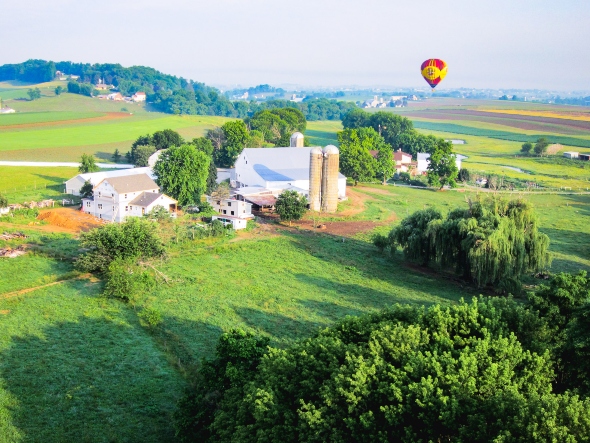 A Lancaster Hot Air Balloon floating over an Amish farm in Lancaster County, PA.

...

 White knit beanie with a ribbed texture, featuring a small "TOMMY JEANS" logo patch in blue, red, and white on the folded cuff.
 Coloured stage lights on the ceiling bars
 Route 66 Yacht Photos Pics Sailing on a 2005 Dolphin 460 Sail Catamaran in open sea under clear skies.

__TASK DESCRIPTION__.
Your task is to retype the entries verbatim, starting with the line that holds "Coloured stage lights on the ceiling bars" and stopping after the line that holds "Route 66 Yacht".

__RESPONSE BELOW__.
 Coloured stage lights on the ceiling bars
 Route 66 Yacht Photos Pics Sailing on a 2005 Dolphin 460 Sail Catamaran in open sea under clear skies.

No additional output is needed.